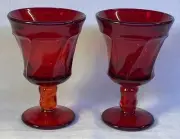Fostoria Glass Jamestown Pattern Ruby Red Glass in Swirl Design Wine Pair Set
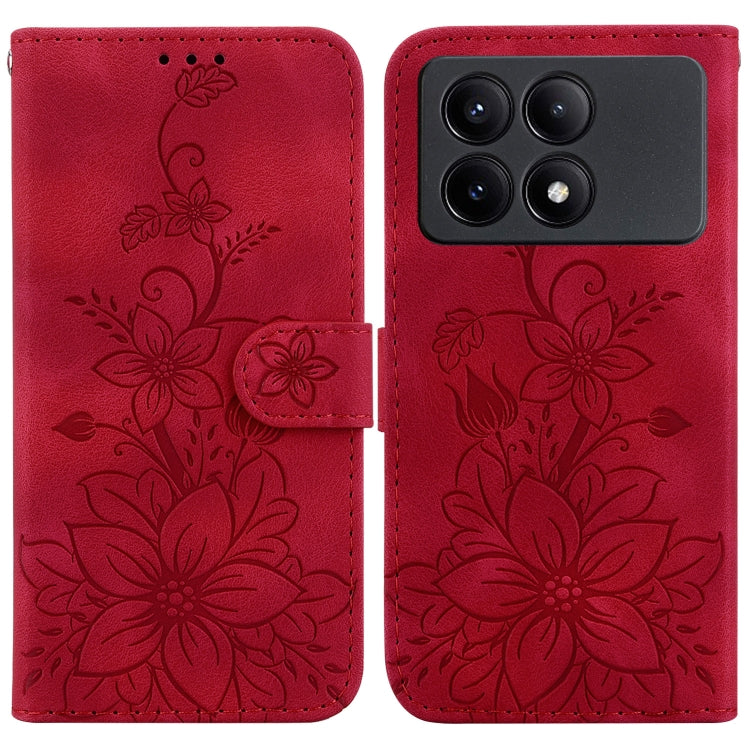 For Xiaomi Redmi K70E / Poco X6 Pro Lily Embossed Leather Phone Case(Red) - Xiaomi Cases by buy2fix | Online Shopping UK | buy2fix
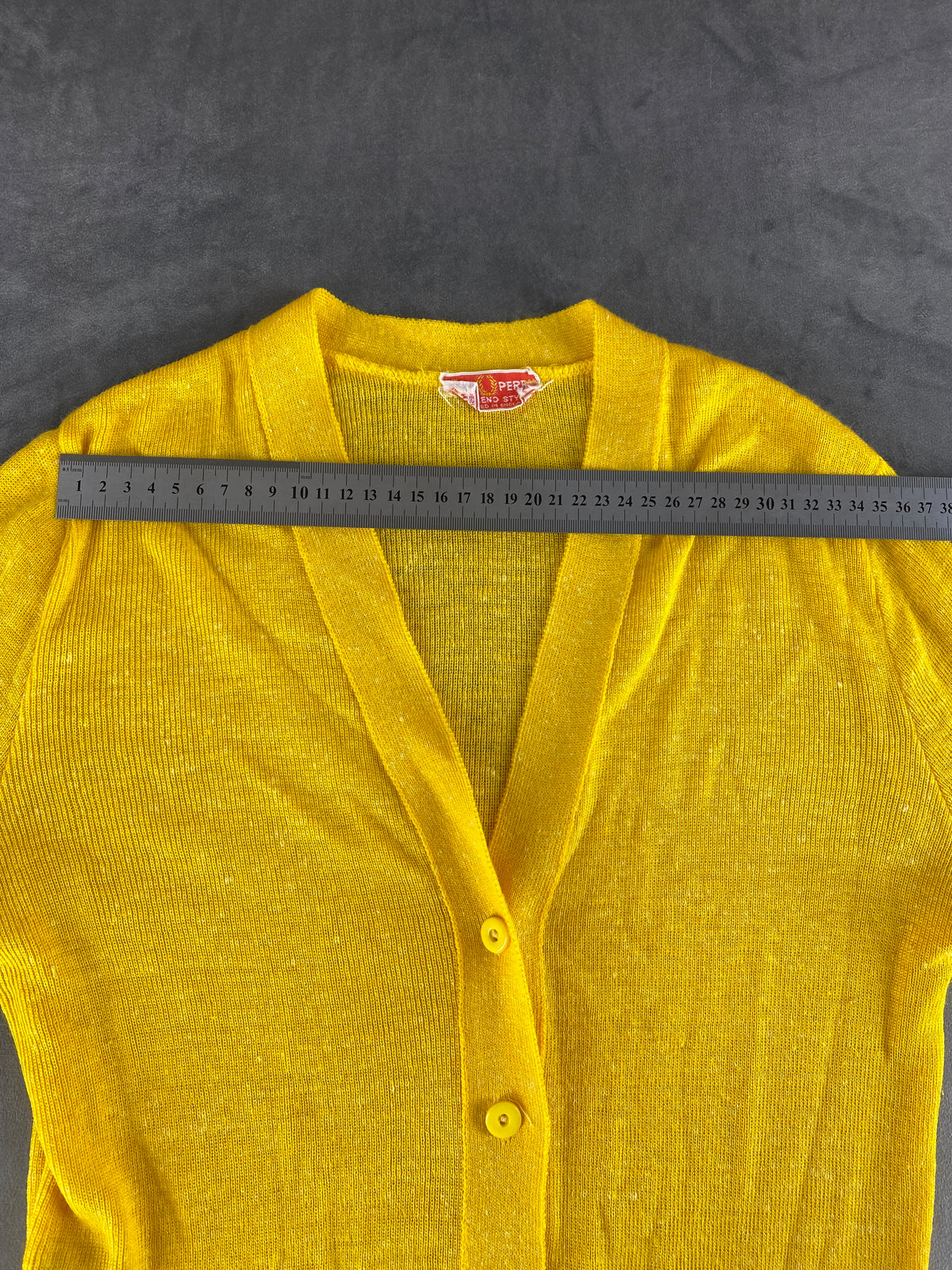 Cardigan Fred Perry giallo senape vintage – Donna Taglia S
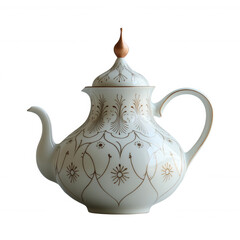Elegant white and gold teapot with intricate design for tea lovers and collectors of fine porcelain ware on transparent background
--------------------------------
● Aim of the task
Beginning with the line that holds "Cardigan Fred Perry", write out exactly the lines down to the end of the material above, and no others. Pictures are not part of the copy.

● Answer below
 Cardigan Fred Perry giallo senape vintage – Donna Taglia S
Elegant white and gold teapot with intricate design for tea lovers and collectors of fine porcelain ware on transparent background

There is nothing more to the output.